Cyan Dee has been M. Edmondson's legal name since 2005 and is also an alias for making smaller and/or 'fandom' works.
Fandom/Impersonator/Doppelgänger Series
“Despite the overt use of faces as Machiko Edmondson’s main image source, her work cannot be regarded as portraiture any more than baroque illustrations of the divine passion can. Rather, her paintings oscillate between desire and adoration, both in terms of the counter-culture idols she obsessively aspires to represent and the medium of painting itself. Small in scale, often dark, and always intimate, Edmondson’s new body of work serves as a quirky insight into the ability of images to turn apathy into anticipation and ordinariness into desirability. Fascinated by the conscious aura of music and style icons, Edmondson is a self-confessed Nick Cave addict. His image, alongside that of PJ Harvey, dominates the bulk of her new paintings. This is a tale of admiration and desire, in the Lacanian sense of the word; one that is capable of reversing the process of abolition of individuality realised through the pages of glossy magazines. Anything but a passive recipient of those images, Edmondson deconstructs them only to interpret them in her own idealised way. In fact, her manner is more that of an idolater than a teenage fan, with her paintings being not so much fetishistic in nature as reminiscent of religious iconography. For Edmondson, desire is not just the hunger for an image but also the hunger for the right image. It is through the ritual process of finding this image, which will form the outline of her work, that the artist actually replaces the narcissism of the subject with that of the painting, both as a medium and as an object. Given the artist’s affinity for depictions of popular culture, her almost modernist approach to the medium is certainly captivating. More than the visual equivalent of stalking, Edmondson’s paintings are to be read as material tokens of desire, illustrating the process of—the passion for—illustration itself.”

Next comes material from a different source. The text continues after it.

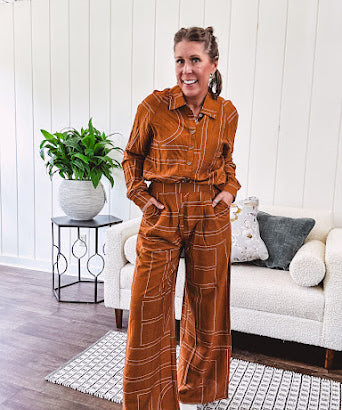 Lightweight rust button front long sleeved shirt with collar and white geometric stitching print throughout.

A review by Irene Gerogianni for a solo exhibition titled "Is This Desire?" at "apartment" in Athens, which was featured in Contemporary Magazine Issue 84.

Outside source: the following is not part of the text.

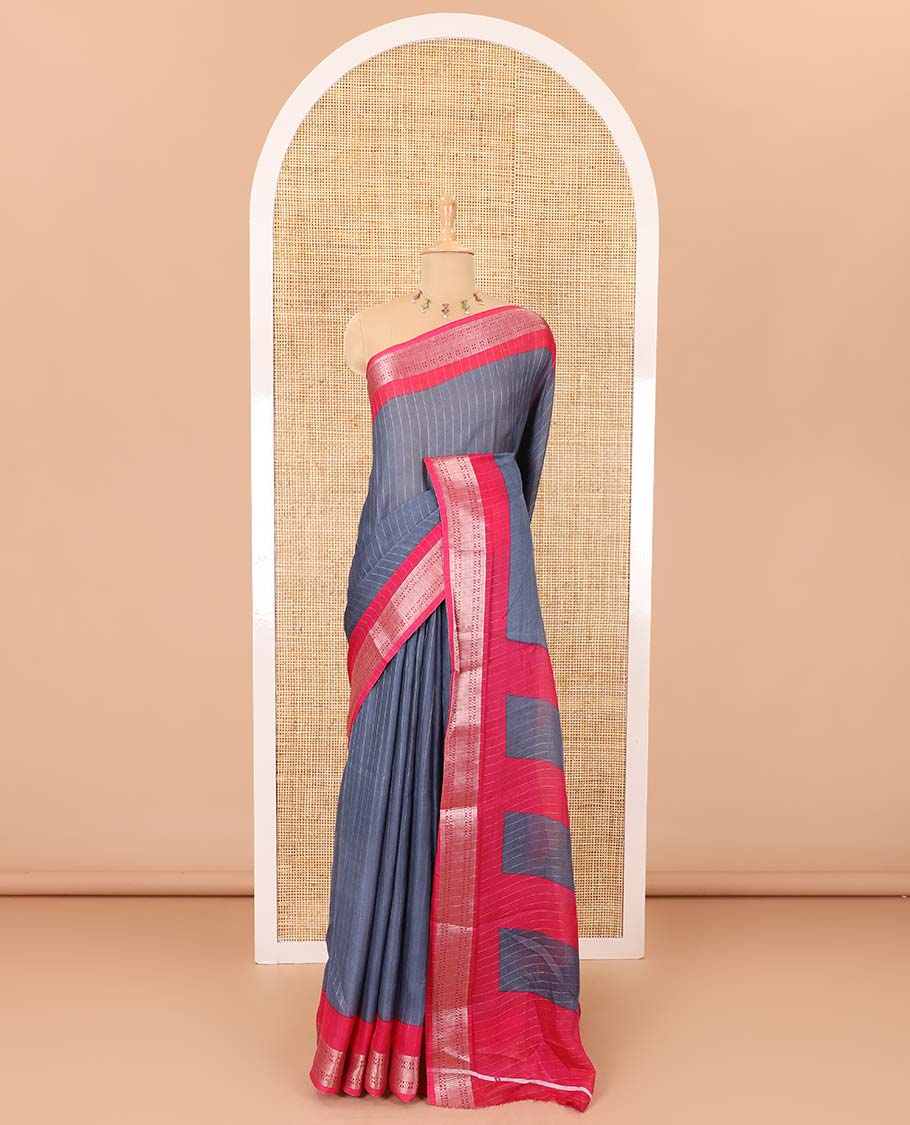 Grey vertically striped moss chiffon saree with contrast traditional zari design borders, striped pallu, and a contrast blouse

“Cyan Dee is an alter ego of Machiko Edmondson: another version of herself and another way of painting.
She calls these little works ‘impersonators’. It’s a parallel practice of portraiture once removed, as if there were some kind of stand-in, where resemblance is uncannily familiar but never quite what—or who—it seems.”
Andrew Renton (Professor of Curating at Goldsmiths University of London, ex director of Marlborough Contemporary)

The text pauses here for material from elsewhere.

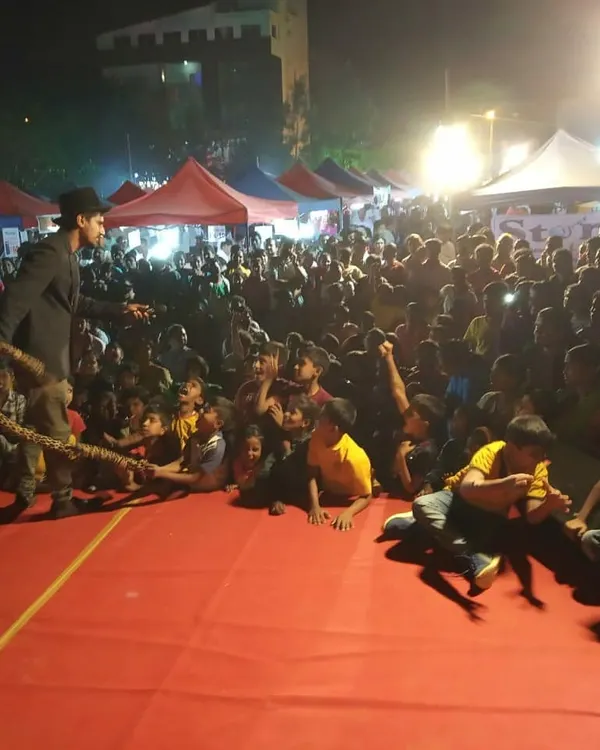 Here's another angle from a large outdoor festival, right in the middle of an interactive routine with the audience. Engaging directly with the crowd, even on a big stage, is key to making everyone feel involved in the magic.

"Cyan Dee's A4-sized portraits of favourite pop musicians work deliberately within the humble realm of fan art, but elevate this form to a dazzling level. Painted in oils, with rare exceptions on the semi-opaque surface of mylar, to allow the white card behind them to exaggerate their luminosity, each is a declaration of love to a creative spirit who has impacted her life. Having declared her artistic intentions as a student at Goldsmiths in 1995 with her MFA degree show devoted to monumental portraits of her favourite musician, the great Nick Cave, and then moved on to her signature close-up portraits on an equally grand scale. The artist, also known as Machiko Edmondson, continues to focus on the often other-worldly humanity of her chosen subjects. These recent works on a much more intimate scale bring the viewer into direct confrontation with her (and our) heroes, depicted more or less life-sized with intensity and brilliance.
Working from found photographs that are available to anyone is a risky venture, especially when the photos are of people as famous and the object of as much adulation as David Bowie, Marc Bolan, Brett Anderson, Marianne Faithfull, or Rowland S. Howard. Elizabeth Peyton is one of the rare painters who has successfully worked within this sphere at a level of great sophistication. All over the world, teenagers will have been attempting such portraits for decades with very mixed results. But Cyan transforms each image into a painterly rendition that is stamped indelibly with her bravura technique and her fascination with hair and piercing eyes as signifiers of personality. Her passion for the music shines through.”